Photo d'archive : Les parents de Marie Cléanne, Ian et Marie-Hélène Papillon, en Inde

Marie-Cléa, l’une des petites siamoises du couple Marie-Hélène et Ian Papillon, qui n’a pas survécu à l’intervention chirurgicale de lundi dernier visant à la séparer de sa sœur, sera inhumée ce mardi. C’est le coeur lourd que son père, Ian Papillon, qui se trouve toujours à Bangalore, nous a expliqué que la dépouille du bébé arrivera à Maurice au courant de la matinée du 26 mars. Marie-Hélène Papillon rentrera en même temps que son bébé, lequel sera inhumé dans l’après-midi au cimetière de Petit Bel-Air, Mahébourg. Auparavant, une cérémonie religieuse se tiendra en l’église catholique de Vieux-Grand-Port. « Cléa vivra à jamais grâce à sa sœur, car elle partageait son cœur et respirait aussi grâce à Cléanne », confiait Ian Papillon à Week-End vendredi soir.
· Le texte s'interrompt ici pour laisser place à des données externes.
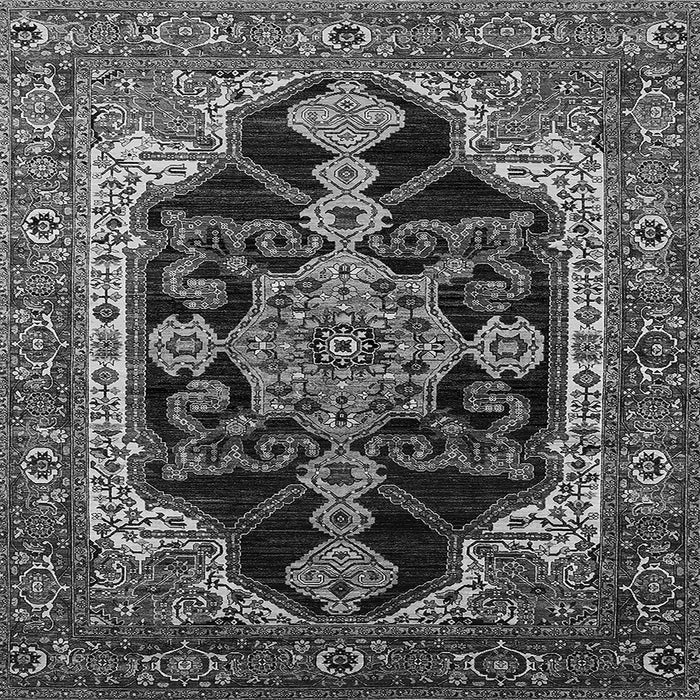 Square Machine Washable Oriental Gray Industrial Rug, wshurb2362gry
Revenant sur les épreuves qu’il a eu à affronter depuis la naissance de ses filles, aux côtés de son épouse, le père des petites siamoises concède que la décision d’une opération n’a pas été facile. « Devrais-je sauver l’une et perdre l’autre, ou garder les deux avec des risques que cela comprend ? Au final, j’ai pris mes deux bébés dans les bras et je me suis résolu à partir en Inde pour ne revenir qu’avec une. Et ce, malgré les critiques les plus virulentes.

Certains m’ont reproché de sacrifier un enfant. Mais personne n’était à ma place. Nous savions très bien que Cléa n’aurait pas survécu à l’opération, puisque nous nous étions préparés psychologiquement. Marie-Hélène et moi-même, nous nous sommes soutenus pour faire face à cette situation », dit Ian Papillon. Après presque dix heures en salle d’opération, Marie-Cléanne n’est pas restée sous l’effet de l’anesthésie pendant plus longtemps que prévu.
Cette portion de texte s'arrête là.